# New cage pix :D



## luvmyfurbabies (Jul 27, 2011)

So I got the girls their new cage today. It is the Super Pets My First Home for Exotics, it was only $80 with shipping, got here in 4 days, and they LOVE it! ;D 
It was fairly easy and quick to put together, the shelves and ramps seem sturdy enough and easy to remove and wash when I need to. There are 2 doors on the front that are nice and big, too, so I can reach all around the cage. I couldn't be happier, and neither can Lola and Frenchy! We are all in ratty heaven. 

Here is a pic of the cage right before I put the girls in.

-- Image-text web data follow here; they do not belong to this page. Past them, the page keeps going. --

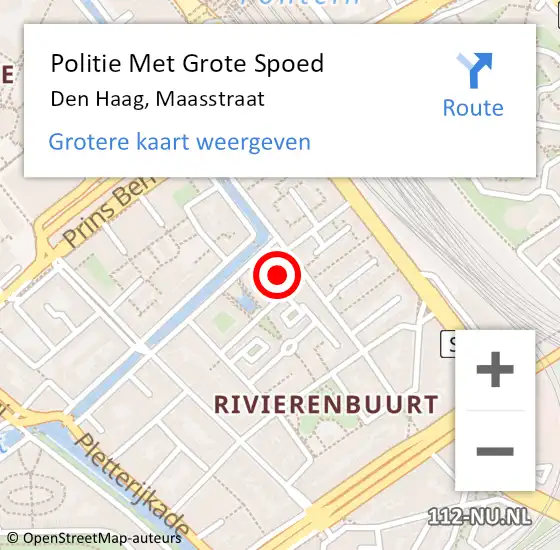 Locatie op kaart van de 112 melding: Politie Met Grote Spoed Naar Den Haag, Maasstraat op 24 juni 2022 15:28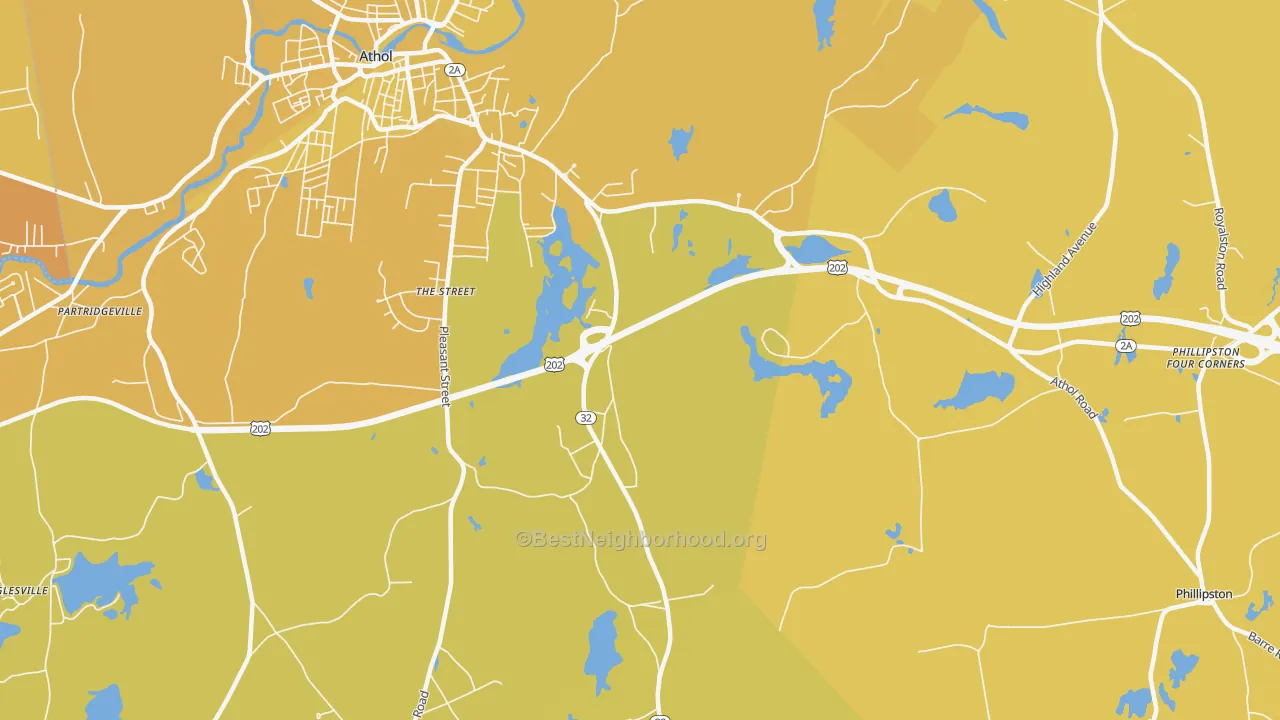 Map of the best neighborhoods in the Packard Heights area, with better matches in green and worse matches in red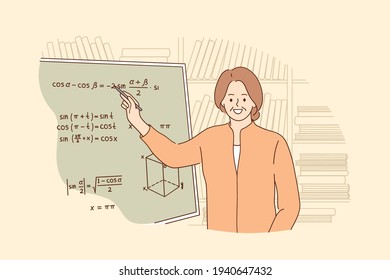 Teaching, education, learning process concept. Portrait of smiling mature professor teaching mathematics to students in library solving math problem writing on board vector illustration 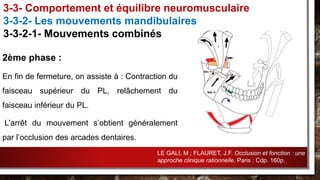 2ème phase :
En fin de fermeture, on assiste à : Contraction du
faisceau supérieur du PL, relâchement du
faisceau inférieur du PL.
L’arrêt du mouvement s’obtient généralement
par l’occlusion des arcades dentaires.
3-3- Comportement et équilibre neuromusculaire
3-3-2- Les mouvements mandibulaires
3-3-2-1- Mouvements combinés
LE GALI, M ; FLAURET, J.F. Occlusion et fonction : une
approche clinique rationnelle. Paris : Cdp. 160p.
 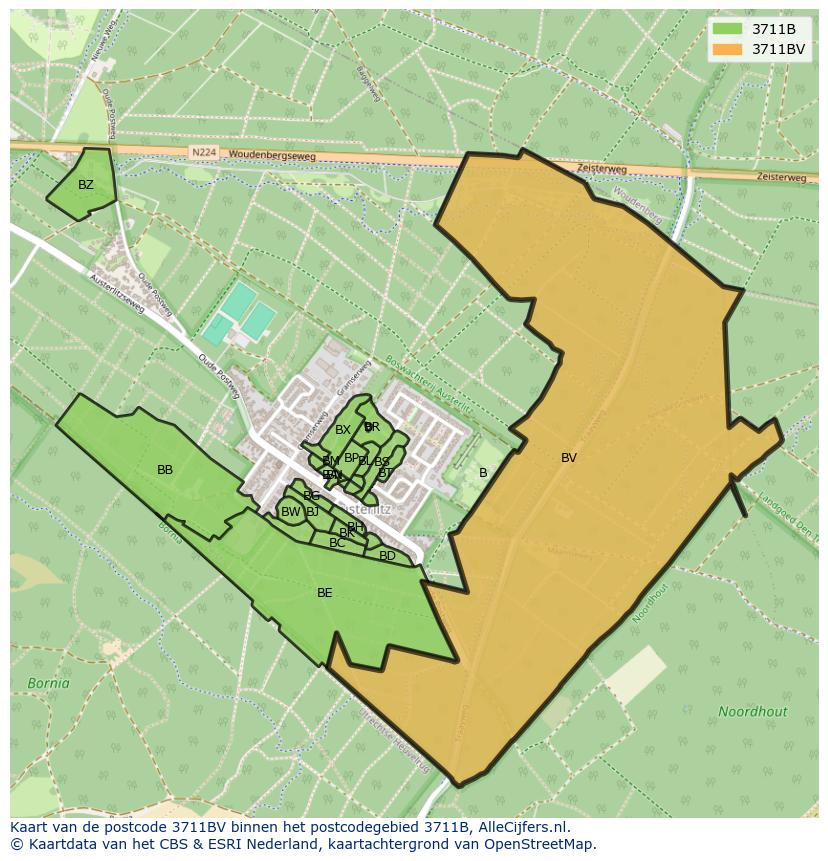 Afbeelding van het postcodegebied 3711 BV op de kaart.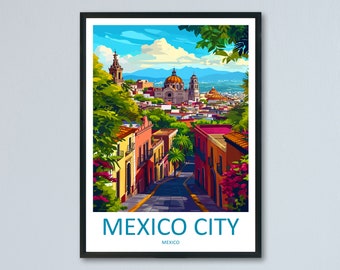 Mexico City Travel Print Wall Art Mexico City Wall Hanging Home Decoration Mexico City Gift Art Lovers Wall Art Print Art Mexico City Print
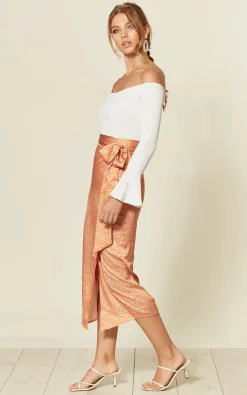 D.Anna Satin Midi Wrap Skirt In Orange/Gold Leopard Print -DRESSES SHOP 2019 09 18 Susie Tia Danna123437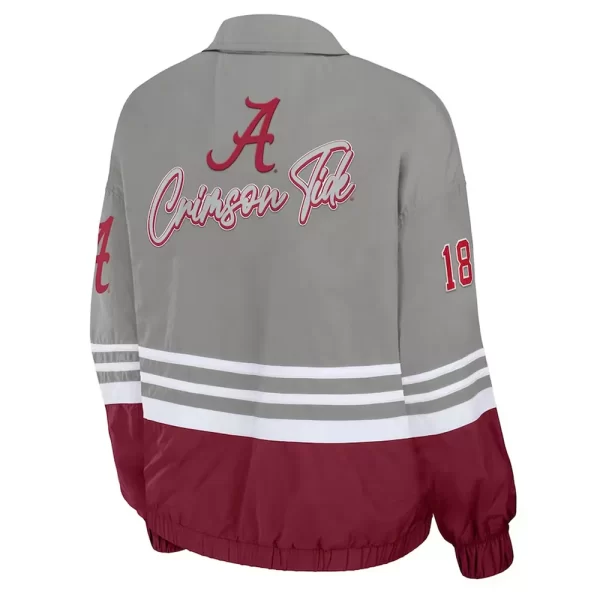 Gray & Red Alabama Crimson Throwback Windbreaker Jacket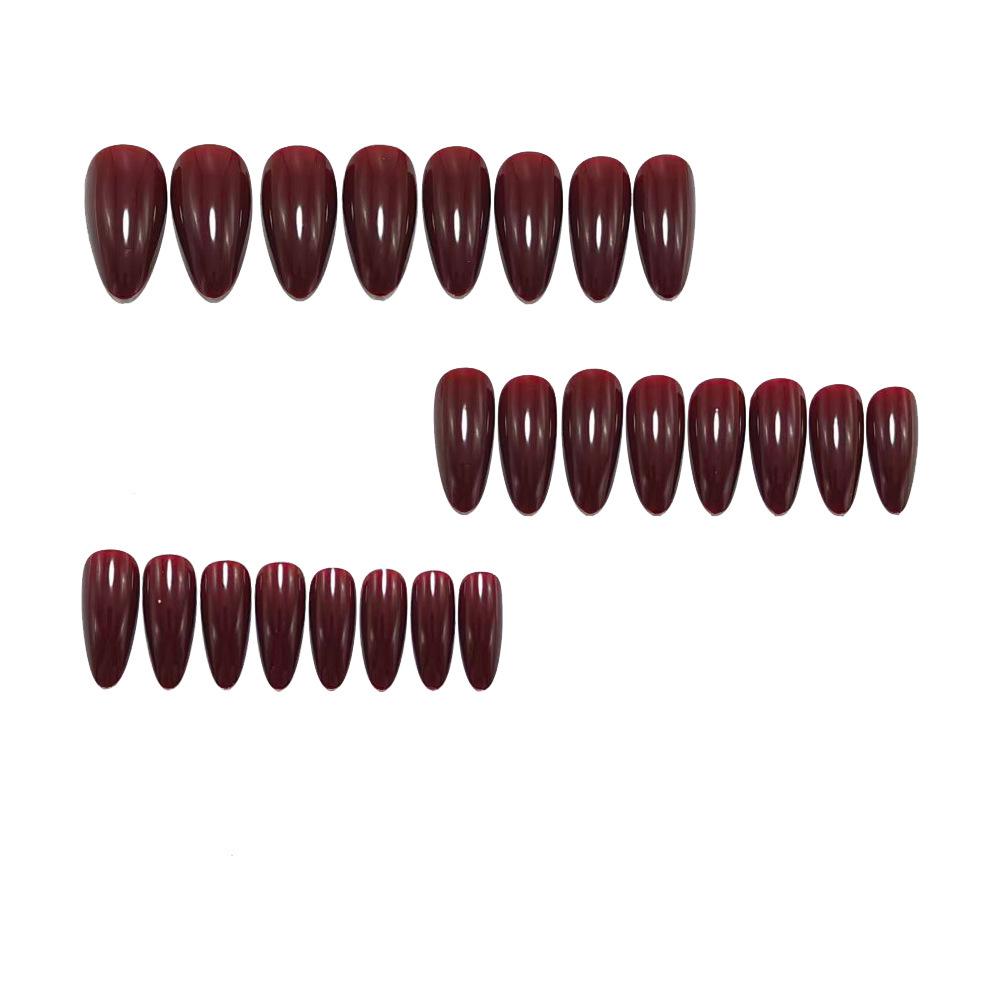 Cherry Almond Water Drop Nail Stickers - 24 Solid Color Fake Nails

Here they are playing in the homemade tube/maze I made them.










And this is a whole cage shot after I added their bedding-laden fleece bag from the old tank. You can see them both on the upper left side. 

They have been playing and playing all day!! They finally snuggled up in their new little wood box that has some spare fleece pieces in it. I know the wood box will be nasty before too long, but until then...


----------



## luvmyfurbabies (Jul 27, 2011)

Oops, missed the last picture.


----------



## naricaution (Jul 31, 2011)

I am slowly falling in love with this cage. It seems perfect for my boys compared to other cages. I don't need anything bigger then this either because then id be tempted to get more babies to fill it up.  thanks for the link. That's the cheapest I've seen them for as well. Quite the bargain hunter~ so unless somehow Craigslist pulls through, I'll be ordering my own next Monday or Tuesday and have it by next weekend to decorate! Two weeks seems like forever when your expecting something though.


----------



## luvmyfurbabies (Jul 27, 2011)

I know the feeling - even though it only took a few days it felt like forever to get the cage here and set up! I looked at a Martin's cage, but for the size the Super Pet was just a better deal. I also had to keep the footprint in mind due to space in our house. And, like you, if it were any larger I'd be tempted to grow the family. LOL


----------



## Misbehavior (May 29, 2011)

My cat loves it, too. Sorry for the horrible picture - I was in the depths of a giggle fit while taking it. 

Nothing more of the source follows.